La titolazione dei capitoli offre già da sola un gustoso campionario di analogie, calembour, doppi sensi, allusioni, citazioni ironiche: La pipì di Fini, Rischio frigorifero, Lo zoo di Giuliano, Stranamore e il mattatoio, Il Bacchettone Sadico, La ricreazione è finita, La ribollita del cappellano, Lo stakanovista è stanco, Il morbo della Lingua Pazza, Cercasi dentiera, Il guerriero riluttante.
Ma è nella disinvolta e irriguardosa attribuzione di epiteti e soprannomi che la creatività linguistica di Pansa si sbizzarrisce conseguendo gli effetti più gustosi: Mandrake (Silvio Berlusconi, «un illusionista specializzato in miracoli»), il Parroco («don Romano Prodi da Bologna»), Walter il Dolce (Veltroni, «l’uomo pesca-pesca, tenero di fuori e di dentro»), Lasagne (Gianfranco Fini), Umberto il Barbaro (Bossi), Dalemoni (Massimo D’Alema), il Super-Topo (Giuliano Amato), il Parolaio Rosso (Fausto Bertinotti), il Maligno Ridens (Oliviero Diliberto), Diego il Sindaco Santo (Novelli), Cicciopotamo (Giuliano Ferrara), la Balia Baffuta (Maurizio Costanzo).

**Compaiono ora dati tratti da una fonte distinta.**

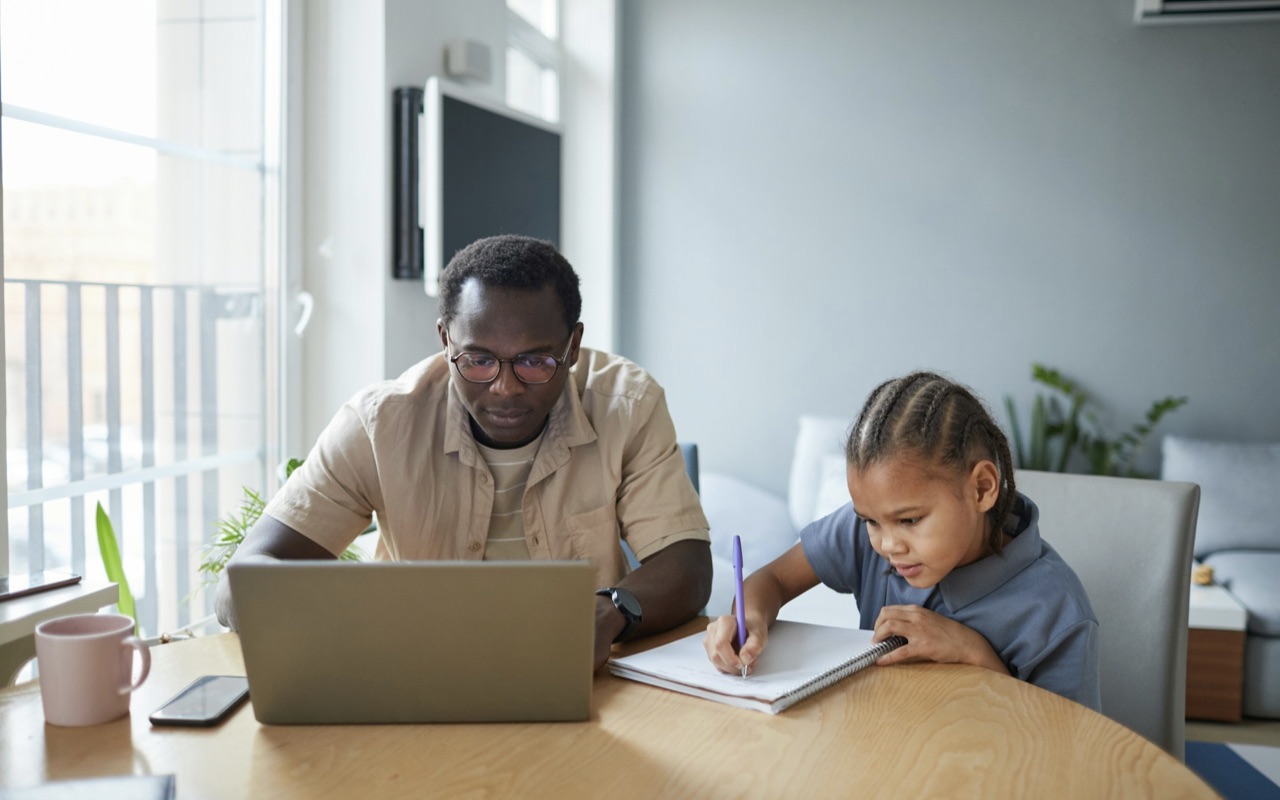 A father working from home, with his kid at the same desk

E poi tutto uno scoppiettare di derivazioni neologistiche («gli stakanovisti del voto non stakanovano più»), metafore gastronomiche («la cucina del centro-sinistra non ha saputo creare nessun piatto diverso», riferito alla leadership di Prodi), quasi paronomasie («Lasciò il partito, Torino e la vita del monaco frustante e frustrato»), allitterazioni («Lucia [Annunziata] mi mandò a spazzare il mare con una smorfietta sorridente che significava: “Mi prendi per scema?”»), iperboli sarcastiche («Neppure il famoso Bignami avrebbe saputo ridurre in pillole le 88 tesi dell’Ulivo»). Insomma, una prosa efficacemente espressionistica, nonché politically incorrect, che è l’esatto opposto della timorosa uniformità denotativo-referenziale di Il sangue dei vinti.